1. For Developers
  2. Search

Chat search

Purpose

Chat search scans chat titles and message text. It builds an index per workspace. Desktop builds persist that index outside the workspace folder.

Indexing idea

We build the index from chat app trees. Each entry stores a thread title, messages, searchText, and updatedAt. Tokenization is simple and runs locally.

Storage

We persist the index per workspace. On desktop, store it in app data, outside the workspace directory. Path: app.getPath("userData")/search-index/<spaceId>/chat-index.json. This avoids sync conflicts in local-first workspaces. Outside desktop, we keep the index in memory.

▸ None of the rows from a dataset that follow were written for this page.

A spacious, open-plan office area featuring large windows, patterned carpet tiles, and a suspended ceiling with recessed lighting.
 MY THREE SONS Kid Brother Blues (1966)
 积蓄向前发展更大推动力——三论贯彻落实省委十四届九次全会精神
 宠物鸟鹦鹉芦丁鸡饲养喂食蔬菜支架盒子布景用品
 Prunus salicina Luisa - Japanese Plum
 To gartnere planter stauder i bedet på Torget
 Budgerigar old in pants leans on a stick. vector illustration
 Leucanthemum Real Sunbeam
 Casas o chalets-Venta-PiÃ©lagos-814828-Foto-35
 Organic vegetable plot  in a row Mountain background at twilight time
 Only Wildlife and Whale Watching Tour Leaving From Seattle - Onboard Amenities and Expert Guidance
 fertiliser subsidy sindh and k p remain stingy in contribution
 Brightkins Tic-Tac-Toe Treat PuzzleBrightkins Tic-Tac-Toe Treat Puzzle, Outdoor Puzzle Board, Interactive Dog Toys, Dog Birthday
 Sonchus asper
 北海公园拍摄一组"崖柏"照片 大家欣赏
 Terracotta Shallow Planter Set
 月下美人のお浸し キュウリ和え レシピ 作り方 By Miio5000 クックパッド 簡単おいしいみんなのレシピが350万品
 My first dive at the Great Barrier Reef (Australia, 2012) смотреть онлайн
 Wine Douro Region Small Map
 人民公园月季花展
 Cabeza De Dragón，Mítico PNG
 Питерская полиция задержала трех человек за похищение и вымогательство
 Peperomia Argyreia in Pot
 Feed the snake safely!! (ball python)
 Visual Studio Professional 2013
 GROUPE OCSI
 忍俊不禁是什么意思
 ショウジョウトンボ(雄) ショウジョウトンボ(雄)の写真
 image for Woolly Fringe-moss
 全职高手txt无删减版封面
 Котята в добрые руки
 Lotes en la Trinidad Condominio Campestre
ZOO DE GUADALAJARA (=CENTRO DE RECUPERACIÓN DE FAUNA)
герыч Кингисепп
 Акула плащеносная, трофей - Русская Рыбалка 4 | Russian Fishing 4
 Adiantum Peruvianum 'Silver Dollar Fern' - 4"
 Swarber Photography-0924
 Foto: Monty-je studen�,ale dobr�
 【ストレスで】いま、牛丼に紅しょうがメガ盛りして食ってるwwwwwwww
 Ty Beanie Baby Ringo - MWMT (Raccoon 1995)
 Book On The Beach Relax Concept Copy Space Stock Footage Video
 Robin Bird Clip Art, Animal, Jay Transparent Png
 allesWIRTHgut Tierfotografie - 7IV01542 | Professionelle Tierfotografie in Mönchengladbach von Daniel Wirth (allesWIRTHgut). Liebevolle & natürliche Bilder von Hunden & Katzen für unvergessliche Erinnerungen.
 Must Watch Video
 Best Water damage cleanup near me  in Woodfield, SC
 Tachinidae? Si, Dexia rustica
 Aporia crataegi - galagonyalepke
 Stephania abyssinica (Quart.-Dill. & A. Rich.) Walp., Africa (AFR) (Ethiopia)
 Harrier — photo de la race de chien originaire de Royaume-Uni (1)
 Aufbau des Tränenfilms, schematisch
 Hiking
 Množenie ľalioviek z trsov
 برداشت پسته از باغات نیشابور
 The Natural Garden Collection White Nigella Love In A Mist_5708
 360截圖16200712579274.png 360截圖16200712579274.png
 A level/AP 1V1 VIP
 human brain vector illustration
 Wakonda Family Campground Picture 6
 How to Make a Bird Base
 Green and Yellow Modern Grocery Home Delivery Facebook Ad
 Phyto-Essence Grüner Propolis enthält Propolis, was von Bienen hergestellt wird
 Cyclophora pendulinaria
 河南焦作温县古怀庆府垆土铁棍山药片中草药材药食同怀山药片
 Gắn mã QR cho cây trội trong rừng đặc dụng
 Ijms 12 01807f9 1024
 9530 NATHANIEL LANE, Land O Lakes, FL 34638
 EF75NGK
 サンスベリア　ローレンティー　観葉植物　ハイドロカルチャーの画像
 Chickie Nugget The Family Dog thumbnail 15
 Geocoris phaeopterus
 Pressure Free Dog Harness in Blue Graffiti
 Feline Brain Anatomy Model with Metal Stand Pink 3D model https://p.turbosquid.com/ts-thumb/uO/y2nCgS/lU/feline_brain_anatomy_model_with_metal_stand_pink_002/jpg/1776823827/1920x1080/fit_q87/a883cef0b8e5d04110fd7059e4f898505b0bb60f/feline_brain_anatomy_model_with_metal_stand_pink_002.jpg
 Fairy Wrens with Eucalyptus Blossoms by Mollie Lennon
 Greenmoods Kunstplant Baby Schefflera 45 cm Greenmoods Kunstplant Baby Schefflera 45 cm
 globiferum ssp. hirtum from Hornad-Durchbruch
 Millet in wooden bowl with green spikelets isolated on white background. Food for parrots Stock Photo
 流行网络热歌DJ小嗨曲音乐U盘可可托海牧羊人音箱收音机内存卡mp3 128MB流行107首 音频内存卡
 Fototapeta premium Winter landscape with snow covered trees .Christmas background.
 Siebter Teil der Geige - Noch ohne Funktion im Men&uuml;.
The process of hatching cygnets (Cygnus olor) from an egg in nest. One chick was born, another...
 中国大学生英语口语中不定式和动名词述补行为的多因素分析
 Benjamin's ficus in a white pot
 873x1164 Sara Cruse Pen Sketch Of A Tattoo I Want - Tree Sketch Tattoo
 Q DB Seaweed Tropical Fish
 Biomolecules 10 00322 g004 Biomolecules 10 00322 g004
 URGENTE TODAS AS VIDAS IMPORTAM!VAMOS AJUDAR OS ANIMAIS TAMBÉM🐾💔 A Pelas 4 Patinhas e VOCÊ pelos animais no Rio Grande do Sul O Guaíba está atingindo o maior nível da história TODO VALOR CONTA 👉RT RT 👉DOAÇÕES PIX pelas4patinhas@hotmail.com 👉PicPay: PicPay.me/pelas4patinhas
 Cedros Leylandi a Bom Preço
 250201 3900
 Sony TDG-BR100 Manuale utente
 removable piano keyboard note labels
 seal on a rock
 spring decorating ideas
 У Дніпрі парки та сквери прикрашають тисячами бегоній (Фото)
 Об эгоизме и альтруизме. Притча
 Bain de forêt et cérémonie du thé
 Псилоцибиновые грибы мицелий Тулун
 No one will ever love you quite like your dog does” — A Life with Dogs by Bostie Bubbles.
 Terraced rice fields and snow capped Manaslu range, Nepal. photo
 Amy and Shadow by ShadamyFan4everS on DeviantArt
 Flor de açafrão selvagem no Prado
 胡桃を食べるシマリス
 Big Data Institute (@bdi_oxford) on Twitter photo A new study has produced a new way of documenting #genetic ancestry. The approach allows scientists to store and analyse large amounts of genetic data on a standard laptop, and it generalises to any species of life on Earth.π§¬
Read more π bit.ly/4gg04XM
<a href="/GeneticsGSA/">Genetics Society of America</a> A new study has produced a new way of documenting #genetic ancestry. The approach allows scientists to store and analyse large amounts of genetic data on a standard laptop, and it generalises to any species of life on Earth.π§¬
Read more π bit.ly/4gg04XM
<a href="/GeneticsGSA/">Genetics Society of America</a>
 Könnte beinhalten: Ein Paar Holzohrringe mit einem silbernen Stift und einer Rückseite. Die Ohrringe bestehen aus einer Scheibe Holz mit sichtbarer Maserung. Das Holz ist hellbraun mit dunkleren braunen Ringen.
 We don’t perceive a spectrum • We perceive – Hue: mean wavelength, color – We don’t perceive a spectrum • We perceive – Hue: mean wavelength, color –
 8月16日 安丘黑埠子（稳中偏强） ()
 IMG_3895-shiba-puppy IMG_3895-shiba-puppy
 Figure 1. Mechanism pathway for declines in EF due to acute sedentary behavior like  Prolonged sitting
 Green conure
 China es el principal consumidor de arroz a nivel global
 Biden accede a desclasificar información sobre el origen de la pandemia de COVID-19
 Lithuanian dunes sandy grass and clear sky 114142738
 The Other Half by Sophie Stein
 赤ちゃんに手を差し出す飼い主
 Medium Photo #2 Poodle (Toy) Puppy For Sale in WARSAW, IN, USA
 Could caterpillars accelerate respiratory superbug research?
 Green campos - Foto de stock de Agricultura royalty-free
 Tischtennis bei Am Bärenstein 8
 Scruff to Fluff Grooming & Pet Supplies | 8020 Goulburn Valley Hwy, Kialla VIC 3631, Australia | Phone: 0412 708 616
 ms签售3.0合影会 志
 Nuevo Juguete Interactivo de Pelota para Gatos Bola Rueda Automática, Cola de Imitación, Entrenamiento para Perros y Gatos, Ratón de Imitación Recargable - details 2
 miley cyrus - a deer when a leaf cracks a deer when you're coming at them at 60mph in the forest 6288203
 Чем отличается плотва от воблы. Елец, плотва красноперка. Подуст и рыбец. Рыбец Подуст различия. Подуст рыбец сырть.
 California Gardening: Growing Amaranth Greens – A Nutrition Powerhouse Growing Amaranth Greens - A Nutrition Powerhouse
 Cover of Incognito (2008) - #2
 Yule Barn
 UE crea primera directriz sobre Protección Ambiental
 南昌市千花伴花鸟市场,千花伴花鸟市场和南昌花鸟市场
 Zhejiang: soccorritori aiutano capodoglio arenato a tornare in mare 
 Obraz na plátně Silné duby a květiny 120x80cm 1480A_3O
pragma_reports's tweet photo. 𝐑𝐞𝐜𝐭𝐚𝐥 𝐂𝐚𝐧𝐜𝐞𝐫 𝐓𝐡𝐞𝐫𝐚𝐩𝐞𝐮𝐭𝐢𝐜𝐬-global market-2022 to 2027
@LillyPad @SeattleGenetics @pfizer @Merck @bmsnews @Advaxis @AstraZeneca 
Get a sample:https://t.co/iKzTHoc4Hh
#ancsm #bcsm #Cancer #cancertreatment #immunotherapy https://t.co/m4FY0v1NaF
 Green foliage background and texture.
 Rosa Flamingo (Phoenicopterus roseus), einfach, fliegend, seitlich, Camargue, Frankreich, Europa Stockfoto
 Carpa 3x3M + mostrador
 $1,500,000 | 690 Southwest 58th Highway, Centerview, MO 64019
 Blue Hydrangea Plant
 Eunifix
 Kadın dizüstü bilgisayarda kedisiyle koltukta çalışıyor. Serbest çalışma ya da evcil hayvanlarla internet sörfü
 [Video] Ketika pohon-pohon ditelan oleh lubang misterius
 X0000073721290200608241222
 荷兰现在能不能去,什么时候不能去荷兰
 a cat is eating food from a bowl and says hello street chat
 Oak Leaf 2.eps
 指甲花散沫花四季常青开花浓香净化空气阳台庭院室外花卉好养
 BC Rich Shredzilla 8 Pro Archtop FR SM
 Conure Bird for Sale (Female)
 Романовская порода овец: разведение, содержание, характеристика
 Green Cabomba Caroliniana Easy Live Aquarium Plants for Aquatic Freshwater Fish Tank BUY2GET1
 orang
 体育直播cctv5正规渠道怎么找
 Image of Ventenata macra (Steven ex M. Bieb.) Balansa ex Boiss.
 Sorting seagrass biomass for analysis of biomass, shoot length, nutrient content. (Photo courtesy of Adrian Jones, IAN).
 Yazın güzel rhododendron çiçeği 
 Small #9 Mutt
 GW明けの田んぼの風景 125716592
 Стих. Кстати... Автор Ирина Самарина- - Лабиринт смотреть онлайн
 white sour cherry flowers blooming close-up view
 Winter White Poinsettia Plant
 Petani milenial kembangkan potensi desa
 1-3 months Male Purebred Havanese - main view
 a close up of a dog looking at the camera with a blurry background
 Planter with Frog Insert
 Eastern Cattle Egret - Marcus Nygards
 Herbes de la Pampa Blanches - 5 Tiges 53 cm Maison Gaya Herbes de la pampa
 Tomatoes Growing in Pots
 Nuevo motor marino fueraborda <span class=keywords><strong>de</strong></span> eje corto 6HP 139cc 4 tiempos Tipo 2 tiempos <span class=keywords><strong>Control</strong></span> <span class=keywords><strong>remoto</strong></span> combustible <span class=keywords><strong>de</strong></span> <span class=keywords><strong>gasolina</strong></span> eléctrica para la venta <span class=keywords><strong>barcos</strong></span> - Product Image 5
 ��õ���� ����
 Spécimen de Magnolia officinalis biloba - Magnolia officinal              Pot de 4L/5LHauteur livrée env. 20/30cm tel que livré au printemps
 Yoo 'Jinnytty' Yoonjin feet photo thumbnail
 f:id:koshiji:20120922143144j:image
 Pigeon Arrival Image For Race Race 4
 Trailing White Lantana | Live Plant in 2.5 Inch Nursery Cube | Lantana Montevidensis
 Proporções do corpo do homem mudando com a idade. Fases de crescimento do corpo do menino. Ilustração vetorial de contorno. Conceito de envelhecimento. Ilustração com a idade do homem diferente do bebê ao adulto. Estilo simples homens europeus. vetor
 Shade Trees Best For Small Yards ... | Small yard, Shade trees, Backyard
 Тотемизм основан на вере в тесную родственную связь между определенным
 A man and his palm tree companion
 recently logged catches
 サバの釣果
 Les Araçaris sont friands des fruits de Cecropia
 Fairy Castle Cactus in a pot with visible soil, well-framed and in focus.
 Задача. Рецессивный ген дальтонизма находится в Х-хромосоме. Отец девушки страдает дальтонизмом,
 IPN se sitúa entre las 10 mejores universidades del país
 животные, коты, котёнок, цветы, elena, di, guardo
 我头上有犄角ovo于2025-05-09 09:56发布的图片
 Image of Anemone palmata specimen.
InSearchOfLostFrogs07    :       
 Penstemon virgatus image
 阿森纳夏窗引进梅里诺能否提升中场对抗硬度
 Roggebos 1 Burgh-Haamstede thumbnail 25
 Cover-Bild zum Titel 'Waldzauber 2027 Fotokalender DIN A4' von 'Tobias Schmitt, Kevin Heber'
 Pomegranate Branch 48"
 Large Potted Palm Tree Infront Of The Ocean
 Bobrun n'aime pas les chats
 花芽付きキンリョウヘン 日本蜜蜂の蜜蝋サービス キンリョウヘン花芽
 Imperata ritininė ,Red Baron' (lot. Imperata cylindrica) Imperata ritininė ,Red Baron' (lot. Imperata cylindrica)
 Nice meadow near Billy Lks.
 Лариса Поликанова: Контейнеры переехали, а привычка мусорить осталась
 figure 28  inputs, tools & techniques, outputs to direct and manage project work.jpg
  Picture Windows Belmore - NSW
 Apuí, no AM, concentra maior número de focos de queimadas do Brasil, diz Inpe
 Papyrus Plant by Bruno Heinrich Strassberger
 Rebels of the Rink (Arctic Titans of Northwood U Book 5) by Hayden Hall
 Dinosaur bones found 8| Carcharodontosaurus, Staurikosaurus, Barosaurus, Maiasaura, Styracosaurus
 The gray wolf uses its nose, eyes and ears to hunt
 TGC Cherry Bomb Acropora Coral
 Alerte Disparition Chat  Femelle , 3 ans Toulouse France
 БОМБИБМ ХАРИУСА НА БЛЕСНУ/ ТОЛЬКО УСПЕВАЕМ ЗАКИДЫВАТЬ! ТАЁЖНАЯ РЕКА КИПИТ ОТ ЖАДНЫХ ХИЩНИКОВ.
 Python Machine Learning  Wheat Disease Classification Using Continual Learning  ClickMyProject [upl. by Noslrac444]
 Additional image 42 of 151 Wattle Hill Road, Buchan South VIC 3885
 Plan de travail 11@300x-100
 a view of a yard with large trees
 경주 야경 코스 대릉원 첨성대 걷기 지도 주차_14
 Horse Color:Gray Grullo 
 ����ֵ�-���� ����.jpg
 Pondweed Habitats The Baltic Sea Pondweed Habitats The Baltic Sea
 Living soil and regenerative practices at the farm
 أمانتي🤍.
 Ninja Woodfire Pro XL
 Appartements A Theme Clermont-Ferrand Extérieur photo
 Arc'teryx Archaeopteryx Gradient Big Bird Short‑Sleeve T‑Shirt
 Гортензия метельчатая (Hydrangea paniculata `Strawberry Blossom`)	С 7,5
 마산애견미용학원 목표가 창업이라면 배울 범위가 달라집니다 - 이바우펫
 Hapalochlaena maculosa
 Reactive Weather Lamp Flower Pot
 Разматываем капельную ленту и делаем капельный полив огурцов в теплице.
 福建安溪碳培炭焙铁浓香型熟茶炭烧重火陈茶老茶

It rebuilds when you open chat search.

Format (desktop storage):

json
    {
  "version": 1,
  "updatedAt": 1710000000000,
  "entries": [
    {
      "threadId": "app-tree-id",
      "title": "Chat title",
      "messages": ["message text"],
      "searchText": "chat title message text",
      "updatedAt": 1710000000000
    }
  ]
}
  

Query flow

  • Tokenize query.
  • Match threads that contain all tokens.
  • Score by term frequency with title boost.
  • Sort by score, then updatedAt. Queries run in the renderer using the in-memory entries. The renderer debounces queries on typing.

Update flow

  • Load the persisted index if it exists.
  • Compare app tree updatedAt to cached entries.
  • Rebuild only changed threads.
  • Keep cached messages when unchanged.
  • Regenerate searchText when needed.

Limitations

  • No document/file search.
  • No fuzzy match or stemming.
  • Large workspaces still load each app tree to check updatedAt.

Next iterations

  • Use a richer index format (JSONL or SQLite).
  • Add change observers to refresh without opening search.
  • Add file/document search in the same UI.
  • Improve ranking (recency, field weighting).

Desktop backend

Electron stores the index in the main process. The UI loads/saves it through IPC.

IPC handlers:

  • sila:chat-search:load-index
  • sila:chat-search:save-index

Renderer bridge: window.desktopSearch.